Нелегкую задачу задала им мать. Они точно примерялись, как подойти ко дню, что виделся впереди. Гоша, может быть, и решился бы назвать этот день, да ненароком боялся оскорбить память матери. Все было в их власти, не во власти их было приблизить или отдалить этот день.

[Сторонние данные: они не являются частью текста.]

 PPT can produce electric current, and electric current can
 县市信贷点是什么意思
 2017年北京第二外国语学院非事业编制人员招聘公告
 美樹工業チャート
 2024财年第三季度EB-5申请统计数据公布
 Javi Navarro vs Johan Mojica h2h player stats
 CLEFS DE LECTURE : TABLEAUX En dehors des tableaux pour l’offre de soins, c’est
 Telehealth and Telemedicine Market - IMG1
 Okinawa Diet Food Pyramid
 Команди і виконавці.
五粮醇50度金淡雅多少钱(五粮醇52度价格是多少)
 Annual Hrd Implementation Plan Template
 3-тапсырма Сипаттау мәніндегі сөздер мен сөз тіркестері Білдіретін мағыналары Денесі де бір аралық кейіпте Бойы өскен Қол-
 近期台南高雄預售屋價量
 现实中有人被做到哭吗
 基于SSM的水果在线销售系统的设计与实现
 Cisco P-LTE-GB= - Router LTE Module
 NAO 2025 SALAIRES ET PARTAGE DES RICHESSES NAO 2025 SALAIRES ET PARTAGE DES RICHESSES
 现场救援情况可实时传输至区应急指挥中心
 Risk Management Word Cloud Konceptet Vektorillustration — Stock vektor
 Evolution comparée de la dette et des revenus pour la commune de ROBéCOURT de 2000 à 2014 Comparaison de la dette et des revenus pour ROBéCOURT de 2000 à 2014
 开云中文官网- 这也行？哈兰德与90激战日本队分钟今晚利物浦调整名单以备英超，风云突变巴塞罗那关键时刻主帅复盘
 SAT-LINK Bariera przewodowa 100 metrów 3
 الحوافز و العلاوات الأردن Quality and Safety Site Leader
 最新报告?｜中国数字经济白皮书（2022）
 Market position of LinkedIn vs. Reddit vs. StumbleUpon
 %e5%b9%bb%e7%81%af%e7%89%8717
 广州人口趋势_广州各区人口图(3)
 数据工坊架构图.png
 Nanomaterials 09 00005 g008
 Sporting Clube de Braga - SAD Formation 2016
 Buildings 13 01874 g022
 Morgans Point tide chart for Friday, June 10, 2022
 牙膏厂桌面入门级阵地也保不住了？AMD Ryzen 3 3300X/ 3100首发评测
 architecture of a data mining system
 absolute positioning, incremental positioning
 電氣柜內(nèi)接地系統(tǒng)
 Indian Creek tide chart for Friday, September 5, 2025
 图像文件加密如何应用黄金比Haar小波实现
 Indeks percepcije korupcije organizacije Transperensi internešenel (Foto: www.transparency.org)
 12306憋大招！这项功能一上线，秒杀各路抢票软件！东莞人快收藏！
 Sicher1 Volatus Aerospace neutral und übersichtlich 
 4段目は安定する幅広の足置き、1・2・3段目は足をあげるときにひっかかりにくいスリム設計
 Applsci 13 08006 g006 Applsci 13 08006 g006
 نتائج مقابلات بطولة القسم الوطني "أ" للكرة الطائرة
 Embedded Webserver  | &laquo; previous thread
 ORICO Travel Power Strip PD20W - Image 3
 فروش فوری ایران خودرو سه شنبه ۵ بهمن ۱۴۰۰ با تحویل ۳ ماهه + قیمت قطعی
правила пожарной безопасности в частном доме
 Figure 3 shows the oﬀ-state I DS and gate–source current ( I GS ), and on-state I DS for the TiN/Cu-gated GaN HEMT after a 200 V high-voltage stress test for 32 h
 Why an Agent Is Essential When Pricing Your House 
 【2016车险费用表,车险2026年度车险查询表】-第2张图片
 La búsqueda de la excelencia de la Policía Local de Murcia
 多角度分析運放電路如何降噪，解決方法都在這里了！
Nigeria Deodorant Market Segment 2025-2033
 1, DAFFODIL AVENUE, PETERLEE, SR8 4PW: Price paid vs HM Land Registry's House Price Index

Вот они и вернулись к прежней своей жизни, к ее раздумчивым циклам, повторив их в подробностях. Все так же встречались в вагоне рабочего поезда за пять минут до отхода и ехали вместе до полустанка, а потом он провожал ее до Белого Колодца. Она пробовала ему читать книгу вслух, но он плохо слушал. Она понимала, что, была бы его воля, он сломал бы эти циклы и перевез бы ее на кирпичный, но воли его тут не было.
А место у противоположного окна, где сидел человек с заячьей губой, было занято его дружком, тем, что носил и зимой, и летом фуражечку с черным козырьком, тронутым нетускнеющим лаком. Да и глаза человека в фуражечке были ярко-черными, заметно лакированными, — все чудилось, что парень с заячьей губой оставил их, чтобы они продолжали смотреть в упор: была в них дерзость нескрываемая, быть может, даже вызов. Он пробовал улыбаться. Блеснет своими лакированными глазками и улыбнется. Того гляди, улыбка обратится в слово, готовое полымем полыхнуть.
Как-то, улучив минуту, он подошел к Ирине и, остановив на ней свои лакированные глазки, произнес:
— Привет вам, сами знаете... от кого... — и, ухватив козырек, надвинул фуражечку на глаза, при этом улыбка продолжала мерцать.
Она подумала: вот так, против воли человека, в нем вдруг образуется двойная жизнь. Она рушит душу человека... Было такое чувство, что кто-то все время идет тебе вслед. И ты слышишь, как он напирает на шаг, убыстряя его. Как в ту ночь на подходах к балке-расщепихе. Но что можно сделать? Бежать? Да, собрать нехитрый чемоданишко и рвануть... Но куда бежать? На Север, на Север — куда еще? Одной?.. А может, бежать нет смысла? Может, надо явиться к Гоше и все рассказать? Он ведь добрый — поймет... Но все ли зависит от его доброты? Есть, говорят, в мужике такое, что дано ему его мужицкой сутью и живет само по себе.